A new generation makes its own way

Photo: Getty Images
Photo: Getty Images
I unapologetically share stories about being a māmā because I take the parenting gig fairly seriously. I think out of all of my roles, I have one critical job and that is to try to raise good humans who are equipped for this crazy world. I also like to talk about my children because they are an extension of their pāpā and I, they are physically and spiritually linked to me and I share their pain, love, laughter, worries, the good, bad and the ugly.

I have mentioned my middle child, the one at boarding school, and that has been quite the journey for all of us. My boy is at a Māori boarding school in the lower centre of the North Island. Yes, he chose to go to the school, in fact he asked me if he could go after his pāpā died.

In year 8 we went to the open day and as we sat in the chapel of this Catholic Māori boarding school surrounded by parents who seemed far more familiar with the school than I, my son leant over to me and whispered in my ear ... "thank you Māmā, this is where I want to go".

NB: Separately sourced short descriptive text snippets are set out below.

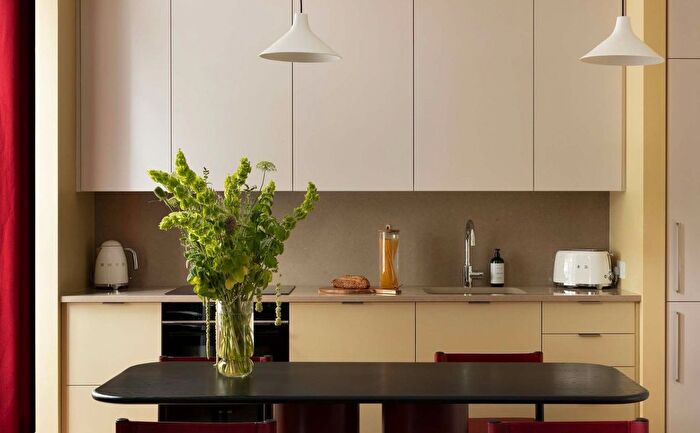 1 Bedroom Flat To Rent In Harley Street, London, W1G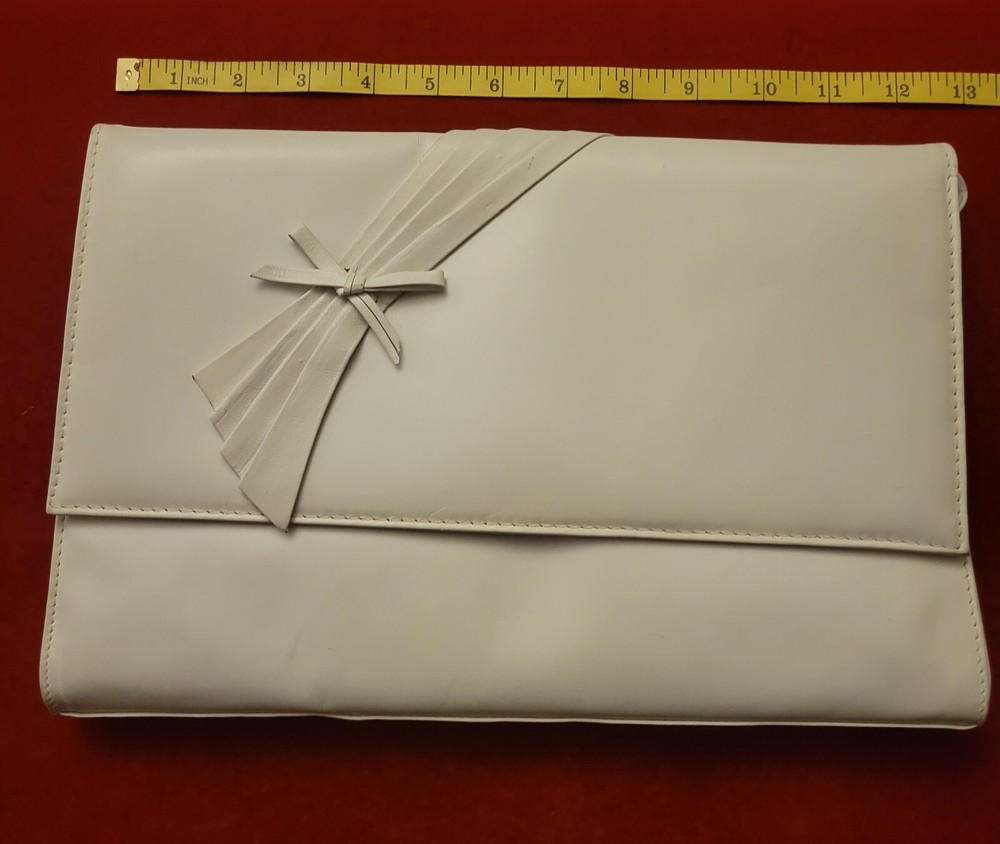 Vintage handbag ~ White with white accents.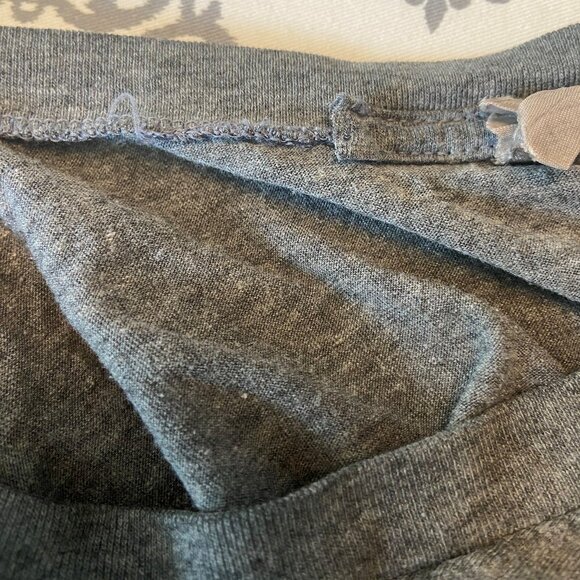 Shiplap Gray White T-Shirt Magnolia Waco TX, Size L - Picture 7 of 7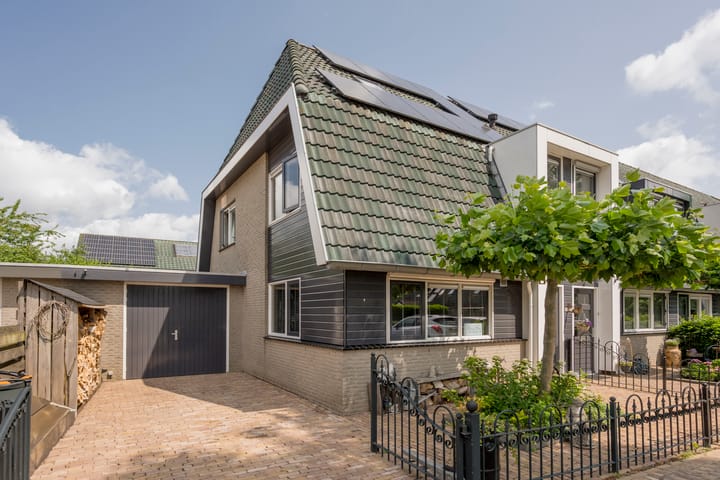 Foto 1 van Gentiaan 35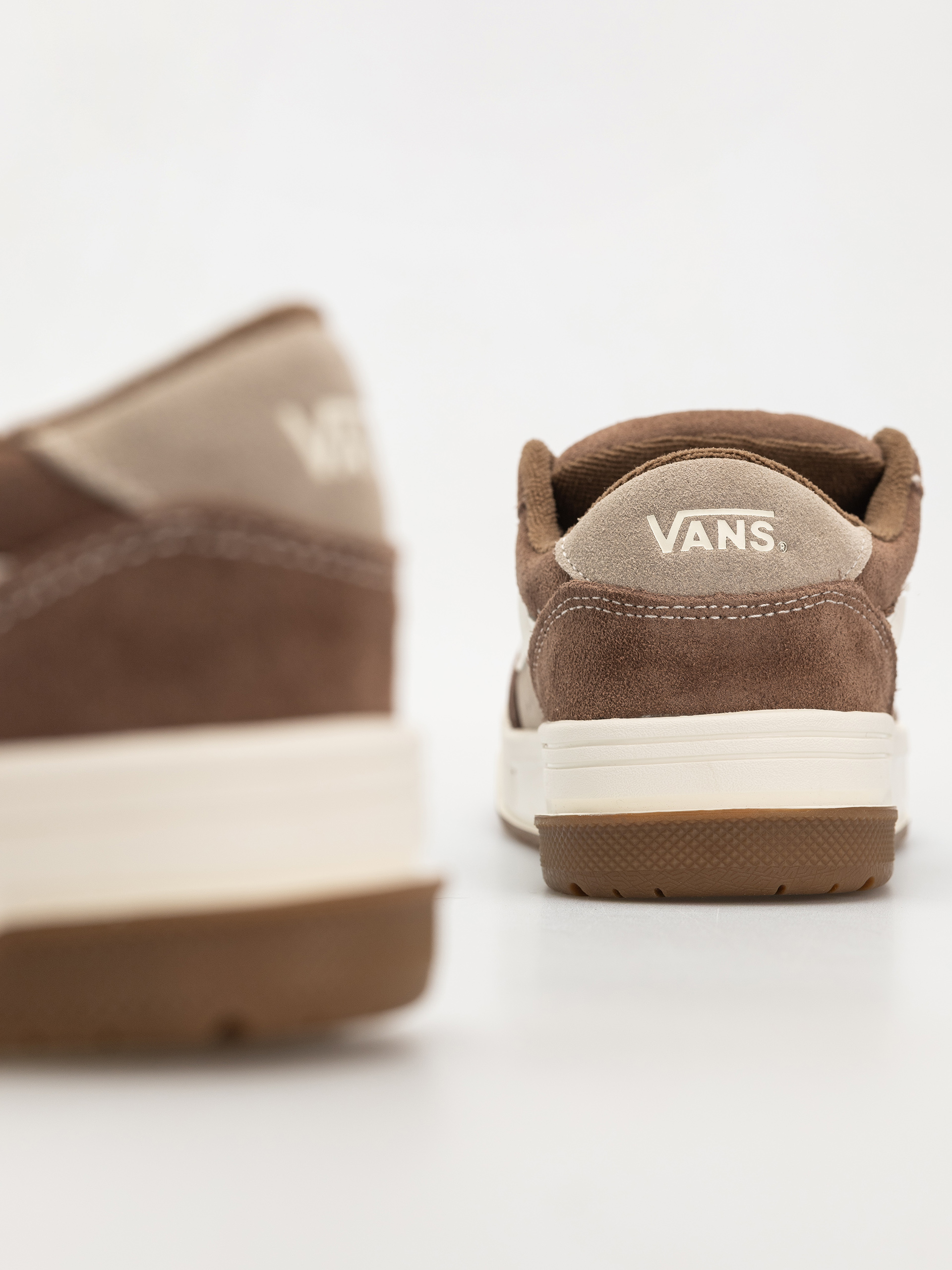 Topánky Vans Hylane (taupe)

So I think at this point a bit of back history is important.

Church-run Māori boarding schools came into existence in 1847 and annual government grants were established and given to churches who followed an approach of assimilation for Māori, including teaching domestic duties, agriculture, religion, English and a useful trade!

Various boarding schools opened at different times, beginning with St Stephen’s (Auckland) in 1849 through to the last one, Hato Paora (Feilding), in 1947, which is where my son attends. There was just one for Māori in the South Island, Te Waipounamu Māori Girls College.

The actual intent of these schools was to assimilate Māori children swiftly, and many of my ancestors, including my grandfather, went to Māori boarding schools. Due to the isolation at Ōtākou and the desire of some of our tupuna to send their children to be further educated, our young teenagers were sent to various boarding schools. Māori boarding schools were gateways to success in the universities, graduates included Apirana Ngata, Maui Pomare, Peter Buck and Tūtere Wī Repa.

However, in 1906, after the report of the Royal Commission of Inquiry into the Te Aute and Wanganui Collegiate School Trusts, the schools’ curricula, including the instruction needed to enter universities, was restricted. The focus in these boarding schools turned towards manual and technical instruction for boys and domestic work for girls. This policy, that shifted Māori focus away from high-level academic training, created a massive interruption of Māori entry into university. This ruptured an educational opportunity for Māori, for Aotearoa and Te Waipounamu.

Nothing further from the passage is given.